### ABOUT THIS TASK
Set down the first line below and each line after it, ending with the one that holds "Pietro Beretta 85B". Pictures do not belong in the copy.

»»

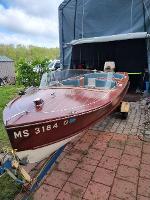 Boat_thumb.jpg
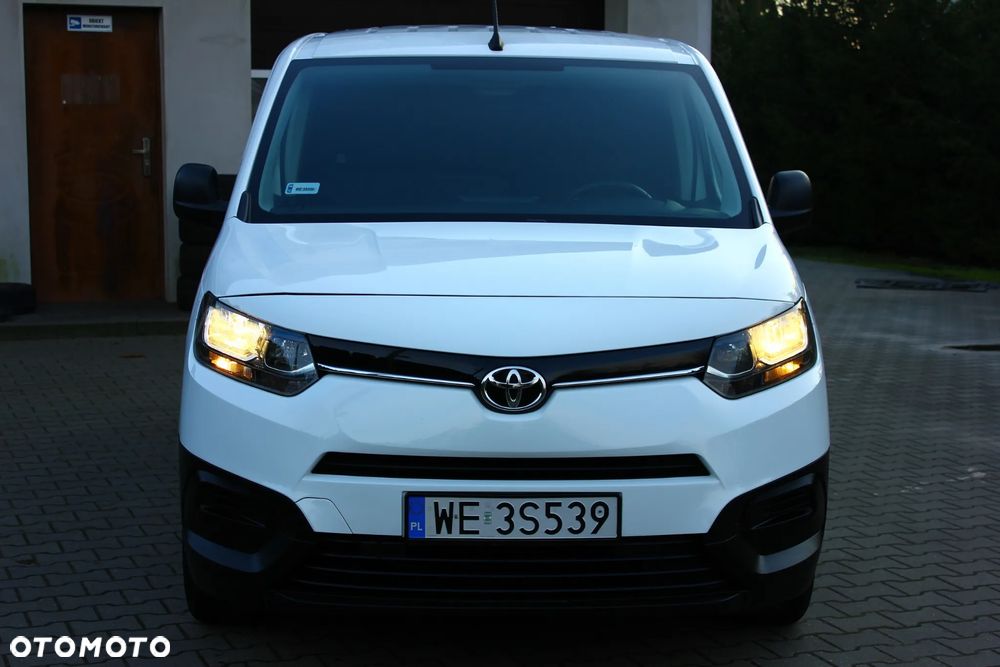 Toyota Proace City CHŁODNIA 1.5D-4D 102KM LONG L2 3 Osobowy - 20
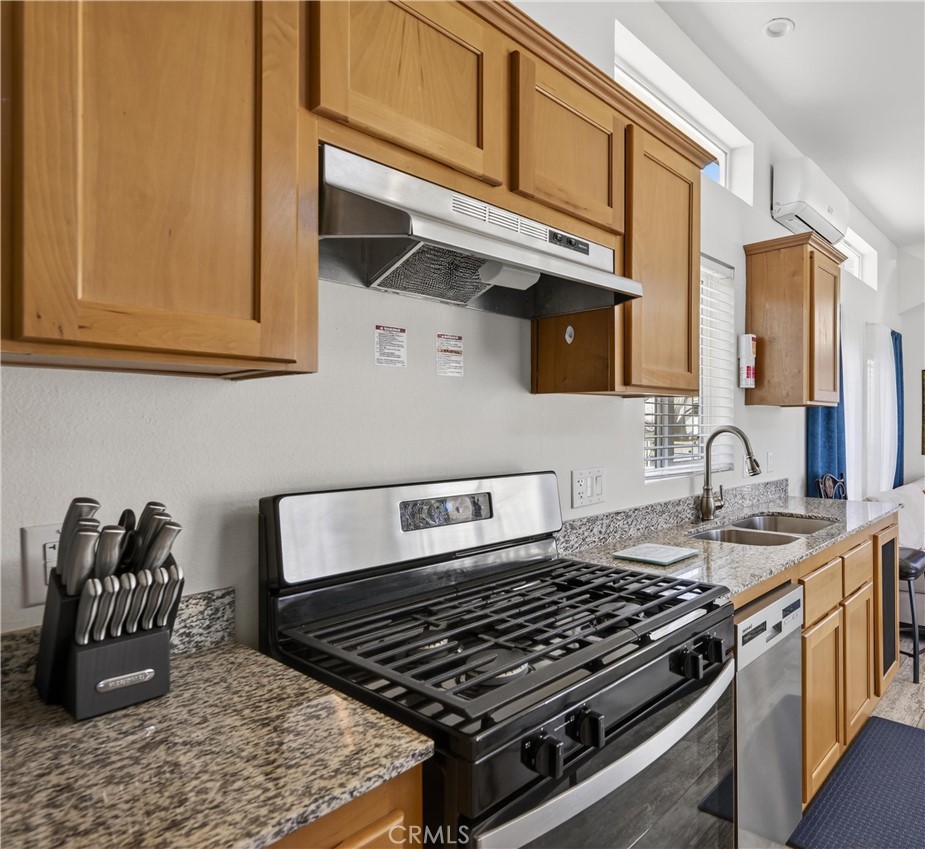 910 Deerwood Property Photo 4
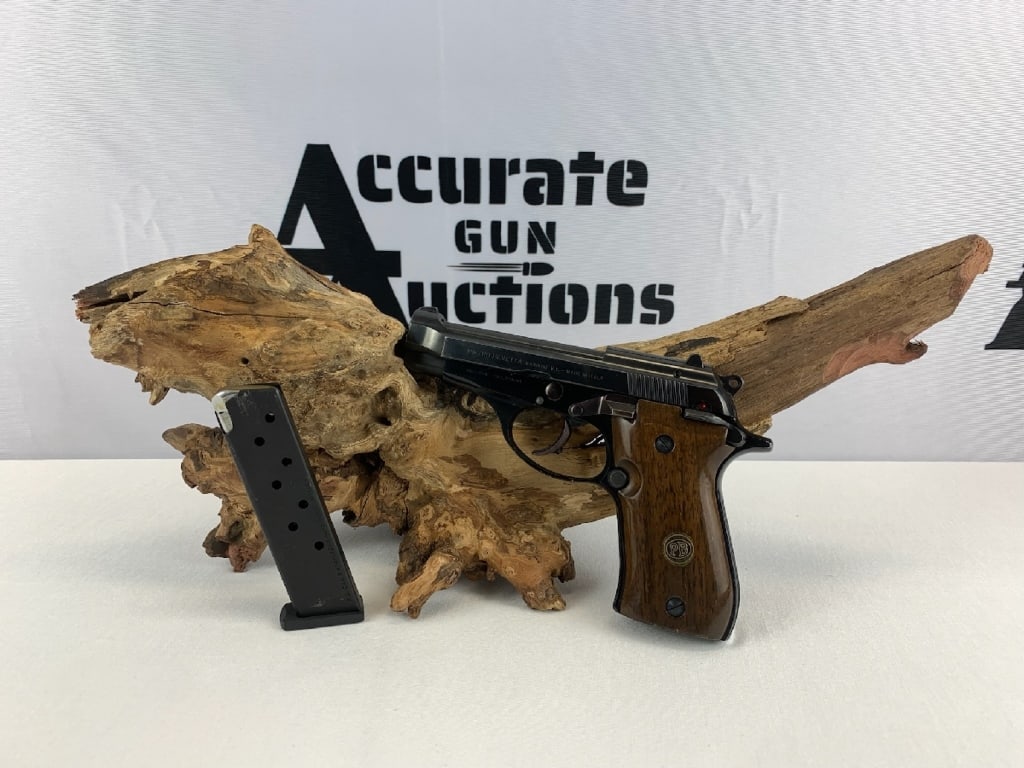 Pietro Beretta 85B 9 Short: Safety function check completed, (1) original mag, original grips still look beautiful, static front and rear sight and everything still functions very smoothly. The ideal carry pistol. Please see pho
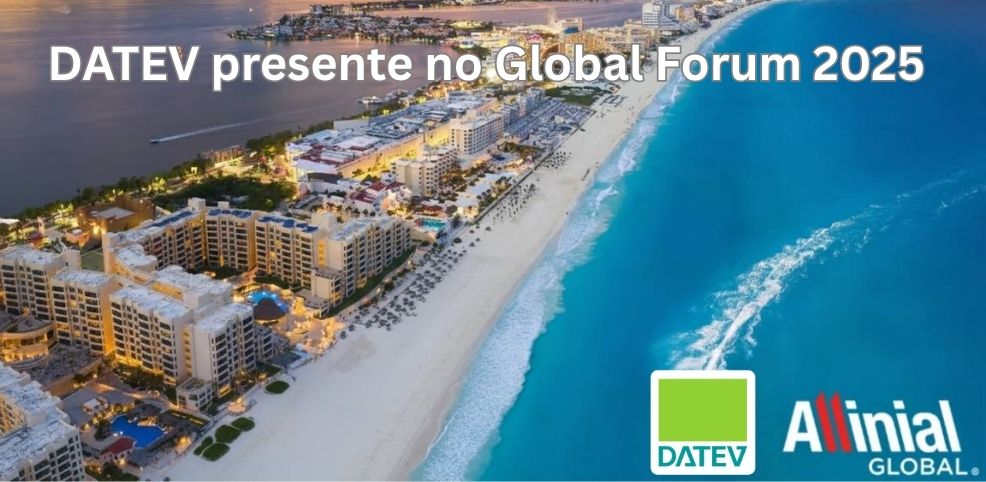Fotografia aérea da costa de Cancún com o texto "DATEV presente en el Global Forum 2025" e os logotipos da DATEV e da Allinial Global.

««

### EXERCISE ANSWER
 Boat_thumb.jpg
 Toyota Proace City CHŁODNIA 1.5D-4D 102KM LONG L2 3 Osobowy - 20
 910 Deerwood Property Photo 4
 Pietro Beretta 85B 9 Short: Safety function check completed, (1) original mag, original grips still look beautiful, static front and rear sight and everything still functions very smoothly. The ideal carry pistol. Please see pho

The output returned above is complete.